++++ Dataset excerpts ++++

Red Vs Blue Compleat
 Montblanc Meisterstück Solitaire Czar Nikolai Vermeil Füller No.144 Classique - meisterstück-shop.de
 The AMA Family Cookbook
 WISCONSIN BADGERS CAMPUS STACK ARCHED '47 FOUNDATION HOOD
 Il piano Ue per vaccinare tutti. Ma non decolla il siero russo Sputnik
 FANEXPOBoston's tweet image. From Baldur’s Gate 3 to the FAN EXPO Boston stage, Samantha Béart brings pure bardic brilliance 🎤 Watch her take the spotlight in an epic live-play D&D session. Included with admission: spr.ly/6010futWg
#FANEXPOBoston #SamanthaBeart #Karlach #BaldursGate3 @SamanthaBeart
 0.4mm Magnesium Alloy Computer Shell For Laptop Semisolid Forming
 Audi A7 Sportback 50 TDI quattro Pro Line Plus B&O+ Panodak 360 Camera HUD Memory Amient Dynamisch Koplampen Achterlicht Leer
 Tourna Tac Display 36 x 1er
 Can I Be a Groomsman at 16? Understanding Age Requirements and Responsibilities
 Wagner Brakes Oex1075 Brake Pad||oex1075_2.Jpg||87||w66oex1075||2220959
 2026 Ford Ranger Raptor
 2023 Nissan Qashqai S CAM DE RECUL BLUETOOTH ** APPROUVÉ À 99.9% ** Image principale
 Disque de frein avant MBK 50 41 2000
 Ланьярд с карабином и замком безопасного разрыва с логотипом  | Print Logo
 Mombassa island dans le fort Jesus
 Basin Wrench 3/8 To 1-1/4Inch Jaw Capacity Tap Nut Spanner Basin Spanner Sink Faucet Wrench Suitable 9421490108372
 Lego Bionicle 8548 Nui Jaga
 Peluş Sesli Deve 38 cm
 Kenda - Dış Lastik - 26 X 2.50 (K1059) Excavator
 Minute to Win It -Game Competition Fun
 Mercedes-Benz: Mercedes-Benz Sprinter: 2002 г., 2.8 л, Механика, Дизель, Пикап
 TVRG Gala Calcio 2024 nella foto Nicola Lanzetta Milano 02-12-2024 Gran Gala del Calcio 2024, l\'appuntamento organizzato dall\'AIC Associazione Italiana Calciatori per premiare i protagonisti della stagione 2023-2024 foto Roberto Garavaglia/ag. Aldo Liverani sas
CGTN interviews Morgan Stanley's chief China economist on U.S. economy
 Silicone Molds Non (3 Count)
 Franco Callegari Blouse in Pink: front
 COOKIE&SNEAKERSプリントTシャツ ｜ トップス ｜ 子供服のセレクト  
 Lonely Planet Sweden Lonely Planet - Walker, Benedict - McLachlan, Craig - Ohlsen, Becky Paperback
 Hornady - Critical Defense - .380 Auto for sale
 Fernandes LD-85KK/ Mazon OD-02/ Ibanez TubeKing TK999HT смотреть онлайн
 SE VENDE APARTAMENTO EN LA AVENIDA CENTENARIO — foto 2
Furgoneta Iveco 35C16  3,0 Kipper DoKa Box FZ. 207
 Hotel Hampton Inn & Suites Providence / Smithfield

++++

To do:
Every entry should be restated word for word.

Answer section:
Red Vs Blue Compleat
 Montblanc Meisterstück Solitaire Czar Nikolai Vermeil Füller No.144 Classique - meisterstück-shop.de
 The AMA Family Cookbook
 WISCONSIN BADGERS CAMPUS STACK ARCHED '47 FOUNDATION HOOD
 Il piano Ue per vaccinare tutti. Ma non decolla il siero russo Sputnik
 FANEXPOBoston's tweet image. From Baldur’s Gate 3 to the FAN EXPO Boston stage, Samantha Béart brings pure bardic brilliance 🎤 Watch her take the spotlight in an epic live-play D&D session. Included with admission: spr.ly/6010futWg
#FANEXPOBoston #SamanthaBeart #Karlach #BaldursGate3 @SamanthaBeart
 0.4mm Magnesium Alloy Computer Shell For Laptop Semisolid Forming
 Audi A7 Sportback 50 TDI quattro Pro Line Plus B&O+ Panodak 360 Camera HUD Memory Amient Dynamisch Koplampen Achterlicht Leer
 Tourna Tac Display 36 x 1er
 Can I Be a Groomsman at 16? Understanding Age Requirements and Responsibilities
 Wagner Brakes Oex1075 Brake Pad||oex1075_2.Jpg||87||w66oex1075||2220959
 2026 Ford Ranger Raptor
 2023 Nissan Qashqai S CAM DE RECUL BLUETOOTH ** APPROUVÉ À 99.9% ** Image principale
 Disque de frein avant MBK 50 41 2000
 Ланьярд с карабином и замком безопасного разрыва с логотипом  | Print Logo
 Mombassa island dans le fort Jesus
 Basin Wrench 3/8 To 1-1/4Inch Jaw Capacity Tap Nut Spanner Basin Spanner Sink Faucet Wrench Suitable 9421490108372
 Lego Bionicle 8548 Nui Jaga
 Peluş Sesli Deve 38 cm
 Kenda - Dış Lastik - 26 X 2.50 (K1059) Excavator
 Minute to Win It -Game Competition Fun
 Mercedes-Benz: Mercedes-Benz Sprinter: 2002 г., 2.8 л, Механика, Дизель, Пикап
 TVRG Gala Calcio 2024 nella foto Nicola Lanzetta Milano 02-12-2024 Gran Gala del Calcio 2024, l\'appuntamento organizzato dall\'AIC Associazione Italiana Calciatori per premiare i protagonisti della stagione 2023-2024 foto Roberto Garavaglia/ag. Aldo Liverani sas
CGTN interviews Morgan Stanley's chief China economist on U.S. economy
 Silicone Molds Non (3 Count)
 Franco Callegari Blouse in Pink: front
 COOKIE&SNEAKERSプリントTシャツ ｜ トップス ｜ 子供服のセレクト  
 Lonely Planet Sweden Lonely Planet - Walker, Benedict - McLachlan, Craig - Ohlsen, Becky Paperback
 Hornady - Critical Defense - .380 Auto for sale
 Fernandes LD-85KK/ Mazon OD-02/ Ibanez TubeKing TK999HT смотреть онлайн
 SE VENDE APARTAMENTO EN LA AVENIDA CENTENARIO — foto 2
Furgoneta Iveco 35C16  3,0 Kipper DoKa Box FZ. 207
 Hotel Hampton Inn & Suites Providence / Smithfield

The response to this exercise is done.